Court of Appeal upholds case management of 5,000-plus motor finance commission claims via lead cases.

The Court of Appeal has dismissed an appeal by eight motor finance providers against case management directions allowing more than 5,000 discretionary commission claims to proceed under single claim forms per defendant, while criticising both sides for the litigation's slow and costly progress over three and a half years.

In Black Horse Limited v Stuart Angel & Ors [2026] EWCA Civ 831, Lord Justice Coulson, with whom Lord Justice Stuart-Smith and the President of the Family Division agreed, upheld the decision of Mr Justice Ritchie that the convenience test under CPR 7.3 was satisfied in claims brought under section 140B of the Consumer Credit Act 1974 over undisclosed discretionary commission arrangements between the defendants and car dealers.

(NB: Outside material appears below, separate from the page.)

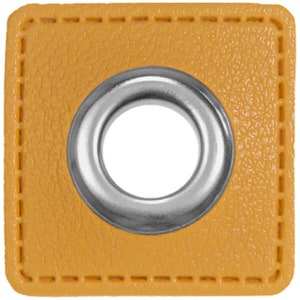 May include: A square, yellow leather eyelet with a silver metal grommet. The eyelet is stitched around the edges with a contrasting thread. The grommet has a smooth, shiny finish and a large, open center.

The claims, brought by individuals who purchased vehicles over a fourteen year period, allege that the relationships arising from their credit agreements were unfair because of the dealers' failure to disclose commission tied to the interest rate set.

His Honour Judge Worster, case managing the claims in Birmingham County Court, had originally disaggregated them into individual claim forms, applying the test from Abbott v Ministry of Defence. That approach was subsequently undermined by the Court of Appeal's decision in Morris v Williams & Co Solicitors, which rejected any exclusionary test under CPR 7.3 and confirmed that convenience is to be assessed broadly. Mr Justice Ritchie re-exercised the discretion and concluded the claims could properly proceed together, identifying what he termed broad common issues and emphasising the value of trying lead cases to a conclusion as a route to widescale settlement. He also made case management directions requiring generic defences and substantial disclosure from the defendants, including the underlying brokerage agreements.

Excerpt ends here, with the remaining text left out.